▶ What you need to do
Will you output all of the data below exactly, omitting the images?
Recorded data Start Marker
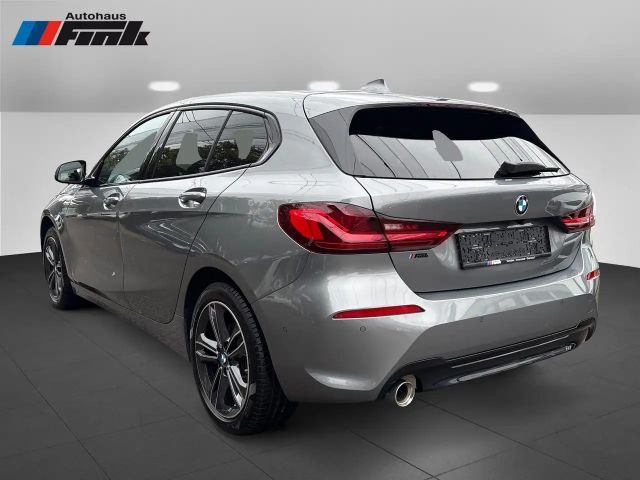 BMW 116 116i Sedan Sport Line
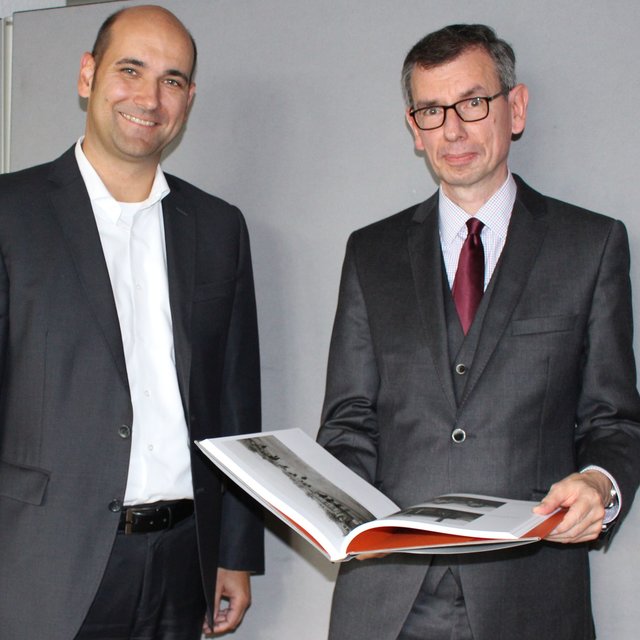 Dr. Marco Rudzinki, Historiker (links), kommentierte die neue Publikation von PD Dr. Ralf Stremmel (rechts). Rudzinki hat über die Geschichte des Bochumer Vereins im 19. Jahrhundert promoviert. Bild: Thea Struchtemeier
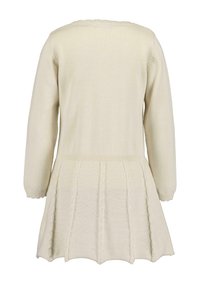 Strickpullover in Creme, mit schwingendem Saum und Zopfmuster am Rock. Lange Ärmel und ein strukturiertes, rundes Halsband.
Recorded data End Marker
▶ Task result
 BMW 116 116i Sedan Sport Line
 Dr. Marco Rudzinki, Historiker (links), kommentierte die neue Publikation von PD Dr. Ralf Stremmel (rechts). Rudzinki hat über die Geschichte des Bochumer Vereins im 19. Jahrhundert promoviert. Bild: Thea Struchtemeier
 Strickpullover in Creme, mit schwingendem Saum und Zopfmuster am Rock. Lange Ärmel und ein strukturiertes, rundes Halsband.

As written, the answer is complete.